Building on our previous work,[iii] we are interested in explaining what happens to women’s and feminist social movements when MENA authoritarian regimes repress them. We compare the Muslim Sisterhood (henceforth Sisterhood) in Egypt after the 2013 repression of Islamists and the progressive, pro-democracy activists for women’s rights in Iran since the repression of the 2009 Green Movement and the 2013 election of President Hassan Rouhani. Our contention is that when state repression causes movements’ fragmentation, marginalized activists find in informal spaces a more functional venue to sustain their activism and demands. Informal spaces, which we define as venues where activism is non-mediated by the formal leadership of an organization, explain how cycles of protests survive authoritarianism, allowing mobilizations to re-emerge as more favourable opportunities materialize again. This also explains the long history of protesting and political organizing in the region, of which the 2011 uprisings were just one peak.[iv] This note is based on our individual research work in Egypt (2013-2018) and Iran (2015-2019) with women’s activists of both movements. While substantial parts of both works are published, this is the first attempt at a comparative analysis.

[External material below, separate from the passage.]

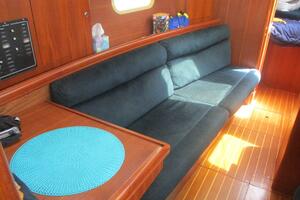 35ft Hunter Yacht For Sale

The Egyptian Muslim Sisterhood

In Egypt, women’s demands for greater emancipation in the Muslim Brotherhood (henceforth Brotherhood) movement emerged more prominently in the 1990s,[v] when Mubarak-led liberalization created opportunities for Islamists to participate politically, fostering internal debates for greater pluralism and democratic reforms.[vi] While challenged, the senior leaders prevented genuine reforms from happening and successfully marginalized progressive activists, including women’s claims. Consequently, like their male counterparts, more progressive Sisters found alternative venues outside the organization to advance their gender agenda. Mona, a Sister who had joined the Brotherhood in college during the 1990s and was active in da‘wa at the time of interview, recounted that during her college years the Sisters were very active on university campuses to encourage women’s political participation.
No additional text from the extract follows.